Exclude all pictures, then restate the entries below word for word.

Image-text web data
■ ■ ■

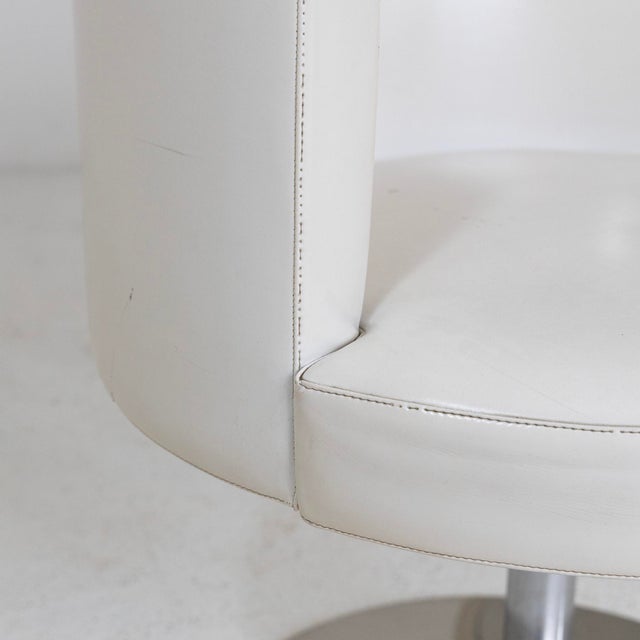 Set of four Cidonio armchairs by Antonia Astori, designed by Antonia Astori for Cidue in 1980. The frame is upholstered in...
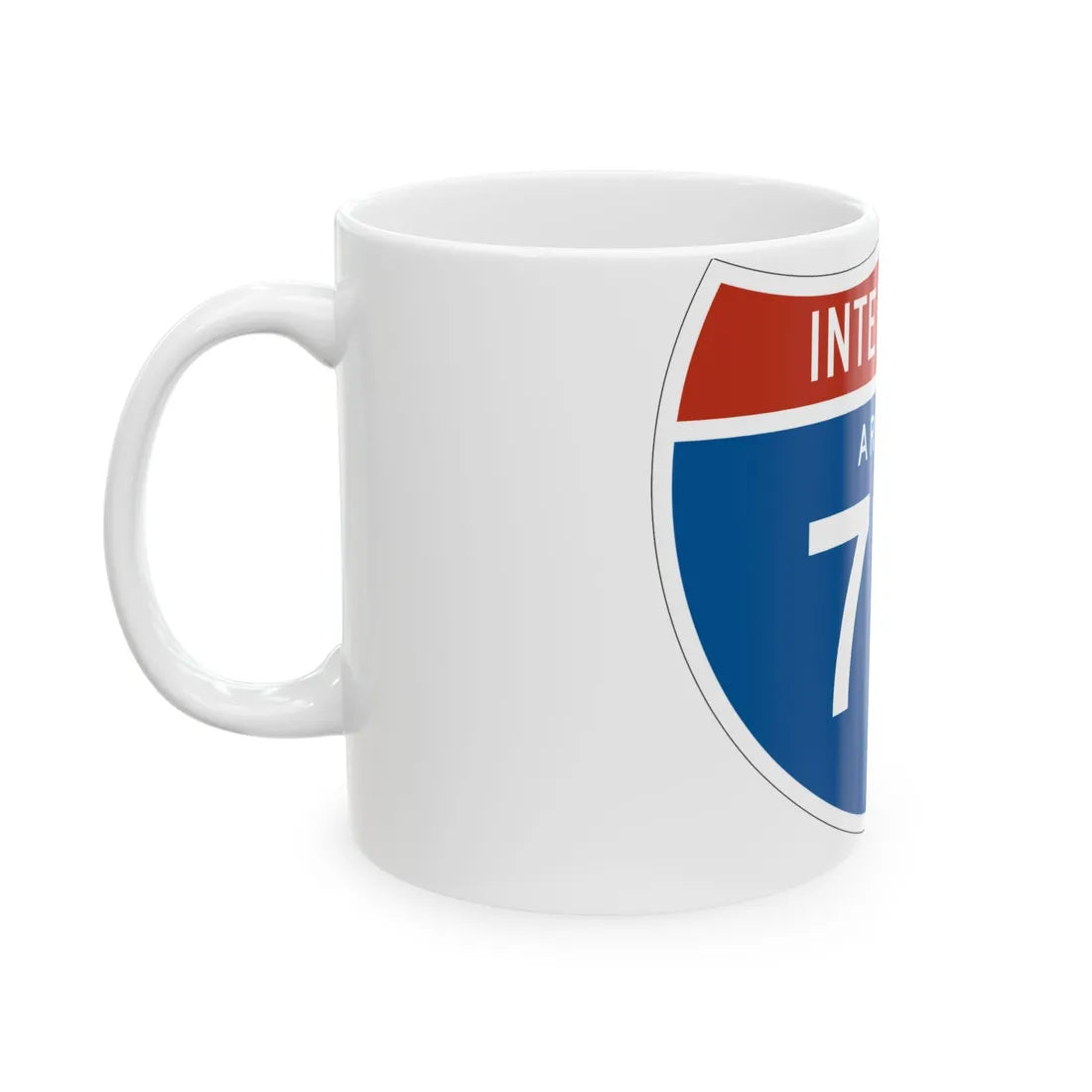 I-710 AZ 1961 (Arizona) (Road Sign) White Coffee Mug - Go Mug Yourself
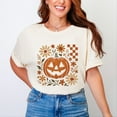 thumbnail image 3 of Pumpkin Floral Grunge - Garment Dyed Tee, 3 of 7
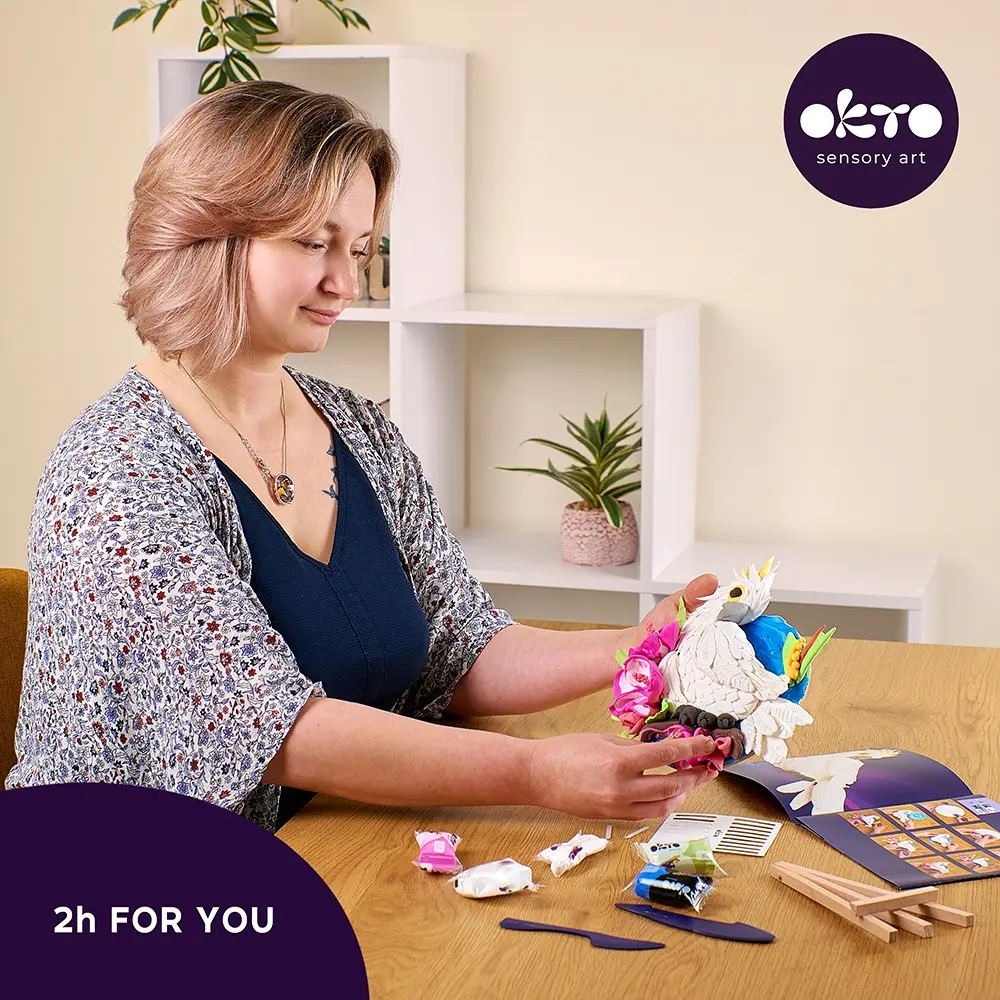 Set pictura 3D cu argila usoara, Nature - Cockatoo [5]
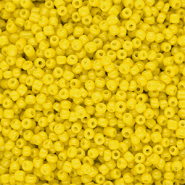 Perline di vetro rocailles 12/0 (2mm) giallo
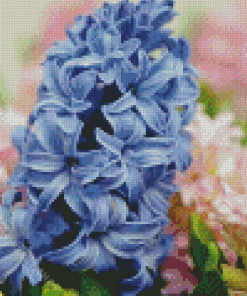 Beautiful Blue Hyacinth Diamond Painting Art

■ ■ ■

EXERCISE SOLUTION:
 Set of four Cidonio armchairs by Antonia Astori, designed by Antonia Astori for Cidue in 1980. The frame is upholstered in...
 I-710 AZ 1961 (Arizona) (Road Sign) White Coffee Mug - Go Mug Yourself
 thumbnail image 3 of Pumpkin Floral Grunge - Garment Dyed Tee, 3 of 7
 Set pictura 3D cu argila usoara, Nature - Cockatoo [5]
 Perline di vetro rocailles 12/0 (2mm) giallo
 Beautiful Blue Hyacinth Diamond Painting Art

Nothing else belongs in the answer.